Stéphane Guédé, Théophile Kouamouo et Saint Claver Oula, respectivement directeur de publication, des rédactions et rédacteur en chef du quotidien «Le Nouveau Courrier», sont gardés dans les locaux de la Police criminelle d’Abidjan, depuis mardi. Leur tort, avoir publié des conclusions de l’enquête judiciaire ordonnée par le président de la République Laurent Gbagbo, sur les malversations présumées de la filière cacao en Côte d`Ivoire. Convoqué le jour de la parution de l’article, les trois journalistes ont été sommés par le procureur de la République, Raymond Tchimou, de divulguer la source de leur information, au mépris des règles qui régissent leur profession. Selon Raymond Tchimou, cité par Me Désiré Gueu, l’avocat des journalistes, seules trois personnes étaient censées détenir ce document, notamment Laurent Gbagbo, le juge d’instruction et le procureur lui-même.

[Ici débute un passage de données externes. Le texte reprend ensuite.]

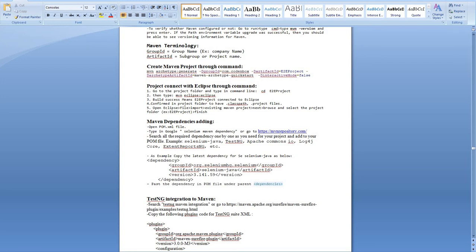Hello, welcome back. This lecture is a continuation of the Maven project. In the last lecture we saw what Maven is, its benefits, and how to configure Maven. Now it's time to create a project based on Maven, but before we start, let's go over some terminology used in Maven.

Les journalistes ayant refusé de livrer leurs sources, le parquet a initié une procédure pour fait de «vols de documents administratifs». Au-delà de la procédure engagée par le procureur de la République, une question fondamentale – celle du rôle des journalistes et de leur protection – se pose. Le rôle du journaliste étant d’informer, obtenir un document et le mettre à la disposition du public pour l’informer constitue-t-il un délit ? Si tel devait être le cas, c’est toute l’essence même du métier de journaliste qui devrait être remise en cause. Les organisations du monde des médias sont montées au créneau pour dénoncer cette autre attaque contre la presse. Lors d’une visite aux détenus à la Police criminelle, Guillaume Gbato, secrétaire général du Syndicat national de la presse privée de Côte d’Ivoire (Synappci) et Mam Camara, président de l’Union nationale des journalistes de Côte d’Ivoire (Unjci) se sont élevés contre ce traitement. «La place du journaliste n’est pas derrière les barreaux», a clamé Guillaume Gbato. «Nous refusons que ce soit un délit de droit commun», s’est insurgé Mam Camara. Avant de poser la question de savoir si le document incriminé est authentique. «Avec cette garde à vue, c’est le travail du journaliste qui est mis en cause», a-t-il noté en promettant que «tout sera mis en œuvre pour la libération des camarades qui ont fait leur travail en toute honnêteté en protégeant leurs sources».
Ouverte en octobre 2007 à la demande du président Gbagbo, une enquête judiciaire avait débouché sur l’arrestation en juin 2008, pour «détournement de fonds, abus de biens sociaux et escroquerie» de la quasi-totalité des responsables de la filière café-cacao– dont des proches de Gbagbo lui-même – soit une vingtaine de personnes. Depuis, leur détention provisoire se prolonge à la Maison d’arrêt et de correction d’Abidjan (Maca) dans des délais hors normes, et l’opération mains propres mise en avant par le pouvoir n’a toujours pas conduit à un procès.
M’Bah Aboubakar
Légende : Théophile Kouamouo et ses collègues sont détenus depuis mardi dans les locaux de la Police criminelle.